Mengapa Khilafah? Tentu karena umat Islam di berbagai wilayah mengetahui bahwa keselamatan mereka hanya ada pada Islam, juga pada kekuasaan Islam (Khilafah). Sebab Khilafah adalah perisai/pelindung sejati umat Islam.
Ini berdasarkan sabda Nabi saw.:
وَإِنَّمَا الإِمَامُ جُنَّةٌ يُقَاتَلُ مِنْ وَرَائِهِ وَيُتَّقَى بِهِ
“Sungguh Imam (Khalifah) itu laksana perisai.

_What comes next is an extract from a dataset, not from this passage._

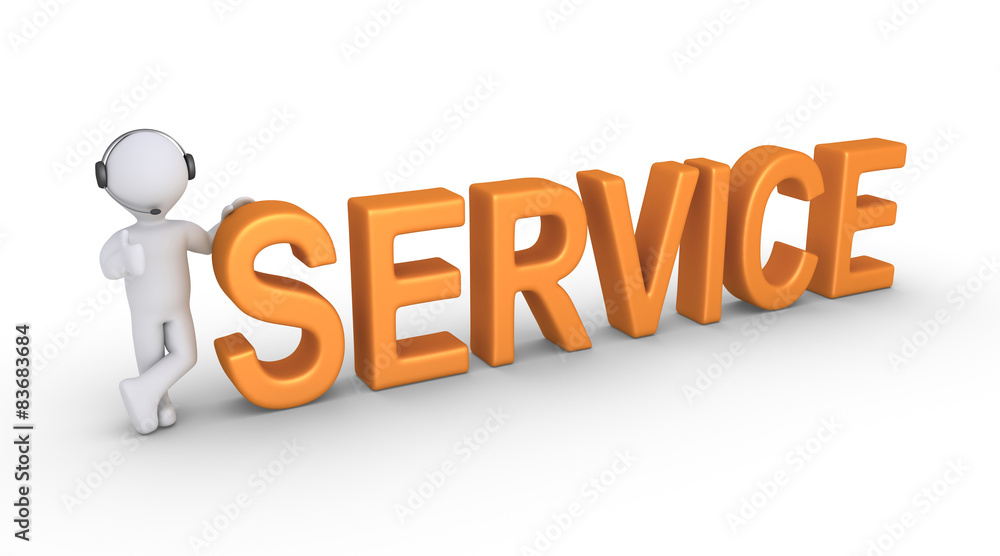 Person with headset beside a SERVICE word Person with headset beside a SERVICE word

Kaum Muslim akan berperang dan berlindung di belakang dia.” (HR al-Bukhari dan Muslim)

Makna frasa “Al-Imâm junnat[un] (Imam/Khalifah itu laksana perisai)” dijelaskan oleh Imam an-Nawawi, “Maksudnya, ibarat tameng, karena Imam/Khalifah mencegah musuh untuk menyerang (menyakiti) kaum Muslim; mencegah anggota masyarakat satu sama lain dari serangan, melindungi keutuhan Islam…”

Mengapa hanya Imam/Khalifah yang disebut sebagai junnah (perisai)? Karena dialah satu-satunya yang bertanggung jawab. Ini sebagaimana dijelaskan dalam sabda Nabi shallallahu ‘alaihi wa sallam:
الإِمَامُ رَاعٍ وَ هُوَ مَسْئُولٌ عَنْ رَعِيَّتِهِ
“Imam/Khalifah itu pengurus rakyat dan hanya dia yang bertanggung jawab atas rakyatnya.” (HR al-Bukhari dan Muslim)

Menjadi junnah (perisai) bagi umat Islam khususnya dan rakyat umumnya meniscayakan Imam/Khalifah harus kuat, berani, dan terdepan. Bukan orang yang pengecut dan lemah. Kekuatan ini bukan hanya pada pribadinya, tetapi pada institusi negaranya, yakni Khilafah. Kekuatan ini dibangun karena pondasi pribadi (Khalifah) dan negara (Khilafah)-nya sama, yaitu akidah Islam. Inilah yang ada pada diri kepala negara Islam pada masa lalu, baik Nabi Saw. maupun para Khalifah setelah beliau.

Semoga kita diistiqomahan untuk mempejuangan janji Allah, khilafah ala minhajjin nubuwwah. Wallahua’lam bi showab.